- **Action item**
Go to the line holding "Orange Square Numbers" in the entries below and write out exactly every line down to and including the line holding "Наушники-вкладыши TRN VX".
◇ ◇ ◇ ◇
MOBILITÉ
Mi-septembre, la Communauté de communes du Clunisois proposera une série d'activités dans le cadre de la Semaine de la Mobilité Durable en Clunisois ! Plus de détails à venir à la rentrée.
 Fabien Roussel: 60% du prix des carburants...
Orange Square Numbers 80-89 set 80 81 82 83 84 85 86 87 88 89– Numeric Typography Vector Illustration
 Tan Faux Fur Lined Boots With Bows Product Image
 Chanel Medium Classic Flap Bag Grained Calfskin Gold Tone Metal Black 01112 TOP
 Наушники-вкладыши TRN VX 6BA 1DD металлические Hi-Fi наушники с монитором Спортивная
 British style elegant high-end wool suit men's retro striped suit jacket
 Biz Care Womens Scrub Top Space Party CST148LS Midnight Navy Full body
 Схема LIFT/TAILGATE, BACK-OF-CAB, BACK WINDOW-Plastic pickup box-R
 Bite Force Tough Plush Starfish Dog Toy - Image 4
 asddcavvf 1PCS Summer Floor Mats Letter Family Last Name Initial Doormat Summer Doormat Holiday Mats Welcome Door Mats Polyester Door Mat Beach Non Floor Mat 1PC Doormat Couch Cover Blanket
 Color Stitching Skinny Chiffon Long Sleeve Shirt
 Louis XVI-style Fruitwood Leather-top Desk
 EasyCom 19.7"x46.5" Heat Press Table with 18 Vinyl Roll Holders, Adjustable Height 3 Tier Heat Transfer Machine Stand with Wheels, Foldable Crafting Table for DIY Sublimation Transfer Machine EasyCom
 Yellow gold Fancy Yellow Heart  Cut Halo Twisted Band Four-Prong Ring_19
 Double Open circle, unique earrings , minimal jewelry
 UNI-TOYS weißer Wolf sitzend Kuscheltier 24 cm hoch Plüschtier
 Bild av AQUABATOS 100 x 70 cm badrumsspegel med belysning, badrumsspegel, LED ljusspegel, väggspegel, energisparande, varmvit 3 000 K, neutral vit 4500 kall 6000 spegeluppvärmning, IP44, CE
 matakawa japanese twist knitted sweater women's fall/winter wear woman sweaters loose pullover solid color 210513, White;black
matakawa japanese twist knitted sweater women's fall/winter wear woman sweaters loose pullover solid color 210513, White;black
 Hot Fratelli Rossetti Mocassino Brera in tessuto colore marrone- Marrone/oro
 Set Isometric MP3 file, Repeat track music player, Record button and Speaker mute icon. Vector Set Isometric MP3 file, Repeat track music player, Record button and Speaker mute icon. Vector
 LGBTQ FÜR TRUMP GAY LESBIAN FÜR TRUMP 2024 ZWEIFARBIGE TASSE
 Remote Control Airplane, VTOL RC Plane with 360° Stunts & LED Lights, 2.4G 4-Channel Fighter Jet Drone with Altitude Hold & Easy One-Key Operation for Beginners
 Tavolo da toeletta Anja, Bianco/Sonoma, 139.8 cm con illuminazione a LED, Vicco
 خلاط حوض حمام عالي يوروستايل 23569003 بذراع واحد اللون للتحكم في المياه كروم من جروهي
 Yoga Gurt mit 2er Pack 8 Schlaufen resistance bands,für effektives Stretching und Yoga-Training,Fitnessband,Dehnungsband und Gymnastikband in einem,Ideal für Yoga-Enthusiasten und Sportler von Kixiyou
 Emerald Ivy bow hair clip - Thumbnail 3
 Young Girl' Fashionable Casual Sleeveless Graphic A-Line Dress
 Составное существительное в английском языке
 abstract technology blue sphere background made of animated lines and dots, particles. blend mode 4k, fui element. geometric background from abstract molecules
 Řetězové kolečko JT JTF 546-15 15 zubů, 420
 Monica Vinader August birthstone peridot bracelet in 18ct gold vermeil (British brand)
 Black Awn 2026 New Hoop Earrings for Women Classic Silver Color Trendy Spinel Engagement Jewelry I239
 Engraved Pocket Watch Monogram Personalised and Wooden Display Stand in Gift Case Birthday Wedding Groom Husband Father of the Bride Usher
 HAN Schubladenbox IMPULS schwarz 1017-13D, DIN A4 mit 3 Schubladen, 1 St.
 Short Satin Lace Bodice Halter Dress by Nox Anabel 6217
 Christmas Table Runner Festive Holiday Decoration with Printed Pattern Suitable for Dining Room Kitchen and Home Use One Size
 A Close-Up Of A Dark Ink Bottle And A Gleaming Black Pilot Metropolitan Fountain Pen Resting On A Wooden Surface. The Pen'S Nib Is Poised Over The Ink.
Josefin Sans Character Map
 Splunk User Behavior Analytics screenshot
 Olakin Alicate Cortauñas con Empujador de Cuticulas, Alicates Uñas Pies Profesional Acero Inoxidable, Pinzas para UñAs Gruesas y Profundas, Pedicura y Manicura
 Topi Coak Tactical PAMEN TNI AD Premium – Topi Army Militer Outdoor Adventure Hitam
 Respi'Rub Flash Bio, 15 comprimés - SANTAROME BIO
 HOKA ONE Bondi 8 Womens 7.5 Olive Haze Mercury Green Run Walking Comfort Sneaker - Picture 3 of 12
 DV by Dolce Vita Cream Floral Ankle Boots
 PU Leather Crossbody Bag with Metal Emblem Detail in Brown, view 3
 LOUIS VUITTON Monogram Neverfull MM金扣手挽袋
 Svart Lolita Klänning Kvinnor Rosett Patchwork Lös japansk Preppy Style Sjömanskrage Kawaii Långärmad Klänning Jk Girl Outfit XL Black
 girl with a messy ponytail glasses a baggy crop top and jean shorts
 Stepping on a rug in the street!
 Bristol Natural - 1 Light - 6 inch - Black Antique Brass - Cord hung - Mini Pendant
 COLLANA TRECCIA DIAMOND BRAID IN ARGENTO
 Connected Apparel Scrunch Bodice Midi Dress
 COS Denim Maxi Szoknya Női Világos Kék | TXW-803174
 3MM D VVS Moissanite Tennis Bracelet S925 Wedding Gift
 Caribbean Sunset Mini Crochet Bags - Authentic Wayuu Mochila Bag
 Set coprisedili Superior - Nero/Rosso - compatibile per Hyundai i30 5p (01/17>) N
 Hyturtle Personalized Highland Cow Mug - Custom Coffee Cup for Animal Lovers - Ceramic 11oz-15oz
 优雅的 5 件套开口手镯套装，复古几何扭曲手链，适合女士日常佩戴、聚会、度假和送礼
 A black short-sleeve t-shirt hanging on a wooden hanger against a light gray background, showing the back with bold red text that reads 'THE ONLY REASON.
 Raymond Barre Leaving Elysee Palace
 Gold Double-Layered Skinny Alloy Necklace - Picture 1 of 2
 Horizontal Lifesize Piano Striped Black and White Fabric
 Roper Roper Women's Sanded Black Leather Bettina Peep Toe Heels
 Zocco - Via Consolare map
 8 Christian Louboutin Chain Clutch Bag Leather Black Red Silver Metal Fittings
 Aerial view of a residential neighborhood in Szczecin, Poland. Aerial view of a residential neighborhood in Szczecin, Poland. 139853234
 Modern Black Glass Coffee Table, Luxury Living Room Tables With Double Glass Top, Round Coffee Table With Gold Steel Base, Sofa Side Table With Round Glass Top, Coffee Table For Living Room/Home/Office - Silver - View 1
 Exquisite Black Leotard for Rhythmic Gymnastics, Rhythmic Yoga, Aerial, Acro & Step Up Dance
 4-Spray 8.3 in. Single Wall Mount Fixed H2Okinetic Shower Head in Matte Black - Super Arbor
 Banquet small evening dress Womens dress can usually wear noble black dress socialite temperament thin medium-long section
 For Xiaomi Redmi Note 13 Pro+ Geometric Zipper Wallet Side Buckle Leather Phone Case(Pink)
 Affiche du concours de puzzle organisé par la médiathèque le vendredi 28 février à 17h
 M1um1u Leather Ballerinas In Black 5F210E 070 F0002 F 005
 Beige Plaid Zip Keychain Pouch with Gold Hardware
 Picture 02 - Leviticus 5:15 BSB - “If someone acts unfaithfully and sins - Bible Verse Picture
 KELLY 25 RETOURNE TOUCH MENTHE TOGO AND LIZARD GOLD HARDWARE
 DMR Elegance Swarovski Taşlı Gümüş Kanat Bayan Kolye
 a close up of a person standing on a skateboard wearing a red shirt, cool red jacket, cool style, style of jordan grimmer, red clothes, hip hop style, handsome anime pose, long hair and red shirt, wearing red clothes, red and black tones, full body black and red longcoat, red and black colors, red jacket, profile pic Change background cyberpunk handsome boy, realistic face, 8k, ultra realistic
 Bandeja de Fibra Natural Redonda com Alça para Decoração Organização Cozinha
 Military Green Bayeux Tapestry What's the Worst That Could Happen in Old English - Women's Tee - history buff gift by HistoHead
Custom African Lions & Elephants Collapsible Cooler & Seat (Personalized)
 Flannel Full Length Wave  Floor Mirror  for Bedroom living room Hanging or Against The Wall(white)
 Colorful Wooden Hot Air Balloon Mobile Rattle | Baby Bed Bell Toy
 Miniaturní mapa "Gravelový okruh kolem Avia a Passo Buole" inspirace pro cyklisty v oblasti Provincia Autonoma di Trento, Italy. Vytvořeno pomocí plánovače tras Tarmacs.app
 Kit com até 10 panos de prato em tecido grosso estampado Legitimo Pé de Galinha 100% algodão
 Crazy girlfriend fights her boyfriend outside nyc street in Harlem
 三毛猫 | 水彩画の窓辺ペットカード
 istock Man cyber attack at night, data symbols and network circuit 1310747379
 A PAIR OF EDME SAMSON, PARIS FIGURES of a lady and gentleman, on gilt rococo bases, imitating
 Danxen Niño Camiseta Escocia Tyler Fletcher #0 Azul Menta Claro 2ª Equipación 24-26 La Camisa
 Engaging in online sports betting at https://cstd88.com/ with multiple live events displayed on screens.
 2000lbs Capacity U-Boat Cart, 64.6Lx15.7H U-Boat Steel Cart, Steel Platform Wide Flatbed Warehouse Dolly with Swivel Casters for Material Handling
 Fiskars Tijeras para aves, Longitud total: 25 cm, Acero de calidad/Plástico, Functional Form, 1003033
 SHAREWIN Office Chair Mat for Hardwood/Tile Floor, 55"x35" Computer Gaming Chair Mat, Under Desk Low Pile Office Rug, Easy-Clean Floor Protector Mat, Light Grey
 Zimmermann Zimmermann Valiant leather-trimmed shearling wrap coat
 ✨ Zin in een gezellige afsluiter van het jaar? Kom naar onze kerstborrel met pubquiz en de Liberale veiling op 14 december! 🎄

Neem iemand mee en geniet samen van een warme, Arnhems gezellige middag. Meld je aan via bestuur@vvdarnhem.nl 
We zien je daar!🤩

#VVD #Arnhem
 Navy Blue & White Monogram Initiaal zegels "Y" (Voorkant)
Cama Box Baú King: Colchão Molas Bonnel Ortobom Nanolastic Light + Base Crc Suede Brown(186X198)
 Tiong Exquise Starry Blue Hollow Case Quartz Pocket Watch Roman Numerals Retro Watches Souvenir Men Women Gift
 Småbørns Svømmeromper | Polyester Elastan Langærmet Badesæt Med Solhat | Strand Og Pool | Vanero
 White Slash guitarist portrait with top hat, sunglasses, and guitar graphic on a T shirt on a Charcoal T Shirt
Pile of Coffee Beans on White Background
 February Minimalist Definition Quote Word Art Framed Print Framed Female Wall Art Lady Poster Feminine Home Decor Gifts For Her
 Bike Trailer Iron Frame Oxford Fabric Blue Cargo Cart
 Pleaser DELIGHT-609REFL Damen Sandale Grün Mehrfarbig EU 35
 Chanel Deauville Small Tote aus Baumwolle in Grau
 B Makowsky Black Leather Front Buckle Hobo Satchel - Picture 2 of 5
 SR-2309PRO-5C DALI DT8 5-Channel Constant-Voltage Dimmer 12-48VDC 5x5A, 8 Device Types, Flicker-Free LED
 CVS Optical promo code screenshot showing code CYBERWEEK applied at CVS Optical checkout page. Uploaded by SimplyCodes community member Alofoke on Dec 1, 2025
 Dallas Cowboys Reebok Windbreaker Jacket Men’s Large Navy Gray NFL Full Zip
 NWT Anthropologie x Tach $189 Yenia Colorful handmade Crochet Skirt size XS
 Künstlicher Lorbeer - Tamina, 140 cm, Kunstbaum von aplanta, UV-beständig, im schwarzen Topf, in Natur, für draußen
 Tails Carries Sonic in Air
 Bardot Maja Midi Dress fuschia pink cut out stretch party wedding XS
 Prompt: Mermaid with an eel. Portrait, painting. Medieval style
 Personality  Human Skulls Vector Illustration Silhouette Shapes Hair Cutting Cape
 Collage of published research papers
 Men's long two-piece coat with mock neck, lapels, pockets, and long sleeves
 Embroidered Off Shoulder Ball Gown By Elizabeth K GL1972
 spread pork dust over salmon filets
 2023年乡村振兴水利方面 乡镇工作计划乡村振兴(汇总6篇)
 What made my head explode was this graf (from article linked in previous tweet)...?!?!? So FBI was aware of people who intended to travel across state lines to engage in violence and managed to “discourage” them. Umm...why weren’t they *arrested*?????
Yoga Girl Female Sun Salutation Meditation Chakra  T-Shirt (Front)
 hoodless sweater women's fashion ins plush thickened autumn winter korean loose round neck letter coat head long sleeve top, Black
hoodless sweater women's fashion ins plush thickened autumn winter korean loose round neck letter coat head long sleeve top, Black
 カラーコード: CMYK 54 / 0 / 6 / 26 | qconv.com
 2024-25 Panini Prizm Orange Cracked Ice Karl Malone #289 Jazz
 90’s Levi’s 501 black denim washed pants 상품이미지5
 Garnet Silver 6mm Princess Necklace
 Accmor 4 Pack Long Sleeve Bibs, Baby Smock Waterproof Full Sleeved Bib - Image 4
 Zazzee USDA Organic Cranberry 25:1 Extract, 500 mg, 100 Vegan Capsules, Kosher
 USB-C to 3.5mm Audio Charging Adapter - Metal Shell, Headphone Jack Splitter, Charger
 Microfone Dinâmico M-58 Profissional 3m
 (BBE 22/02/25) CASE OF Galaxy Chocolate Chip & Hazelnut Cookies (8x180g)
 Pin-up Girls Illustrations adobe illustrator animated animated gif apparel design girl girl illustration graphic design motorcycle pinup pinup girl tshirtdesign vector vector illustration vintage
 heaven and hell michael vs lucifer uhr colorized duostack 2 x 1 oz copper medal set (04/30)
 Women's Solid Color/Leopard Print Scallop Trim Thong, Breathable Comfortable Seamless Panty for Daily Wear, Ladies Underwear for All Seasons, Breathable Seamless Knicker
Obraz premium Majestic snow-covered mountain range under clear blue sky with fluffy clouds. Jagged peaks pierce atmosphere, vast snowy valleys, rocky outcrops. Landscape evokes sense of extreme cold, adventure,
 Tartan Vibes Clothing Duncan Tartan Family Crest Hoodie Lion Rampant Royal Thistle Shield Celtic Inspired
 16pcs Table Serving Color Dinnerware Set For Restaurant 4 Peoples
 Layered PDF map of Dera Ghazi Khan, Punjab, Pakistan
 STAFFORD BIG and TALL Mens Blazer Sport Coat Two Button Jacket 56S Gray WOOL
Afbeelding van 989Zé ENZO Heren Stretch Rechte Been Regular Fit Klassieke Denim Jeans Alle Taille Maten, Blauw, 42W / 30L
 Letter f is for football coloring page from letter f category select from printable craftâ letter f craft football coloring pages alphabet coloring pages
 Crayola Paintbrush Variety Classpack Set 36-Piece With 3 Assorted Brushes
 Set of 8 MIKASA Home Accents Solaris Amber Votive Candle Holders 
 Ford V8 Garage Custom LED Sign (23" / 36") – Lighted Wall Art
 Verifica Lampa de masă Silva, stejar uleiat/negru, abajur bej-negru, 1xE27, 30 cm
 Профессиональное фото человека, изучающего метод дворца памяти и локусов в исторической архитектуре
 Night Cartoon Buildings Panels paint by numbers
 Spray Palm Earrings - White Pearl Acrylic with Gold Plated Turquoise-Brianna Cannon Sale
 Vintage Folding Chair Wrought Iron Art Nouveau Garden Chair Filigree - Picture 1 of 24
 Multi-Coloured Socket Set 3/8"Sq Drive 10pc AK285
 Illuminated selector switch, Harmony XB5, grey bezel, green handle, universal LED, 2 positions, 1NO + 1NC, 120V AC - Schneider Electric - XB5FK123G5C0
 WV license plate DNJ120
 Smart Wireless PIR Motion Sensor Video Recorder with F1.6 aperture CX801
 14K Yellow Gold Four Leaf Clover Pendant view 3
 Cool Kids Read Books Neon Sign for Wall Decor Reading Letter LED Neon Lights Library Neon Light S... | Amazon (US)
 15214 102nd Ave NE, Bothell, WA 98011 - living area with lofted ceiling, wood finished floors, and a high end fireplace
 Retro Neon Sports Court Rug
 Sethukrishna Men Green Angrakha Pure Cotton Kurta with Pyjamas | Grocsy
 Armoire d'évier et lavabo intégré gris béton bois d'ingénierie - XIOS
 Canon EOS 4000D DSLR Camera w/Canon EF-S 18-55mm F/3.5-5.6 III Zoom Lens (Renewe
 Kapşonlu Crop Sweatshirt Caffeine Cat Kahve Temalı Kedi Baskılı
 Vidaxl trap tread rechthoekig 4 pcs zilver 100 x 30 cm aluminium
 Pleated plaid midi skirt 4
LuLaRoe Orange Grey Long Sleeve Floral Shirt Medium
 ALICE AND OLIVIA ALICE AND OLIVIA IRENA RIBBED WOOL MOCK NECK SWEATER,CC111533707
◇ ◇ ◇ ◇
- **Completed task**
Orange Square Numbers 80-89 set 80 81 82 83 84 85 86 87 88 89– Numeric Typography Vector Illustration
 Tan Faux Fur Lined Boots With Bows Product Image
 Chanel Medium Classic Flap Bag Grained Calfskin Gold Tone Metal Black 01112 TOP
 Наушники-вкладыши TRN VX 6BA 1DD металлические Hi-Fi наушники с монитором Спортивная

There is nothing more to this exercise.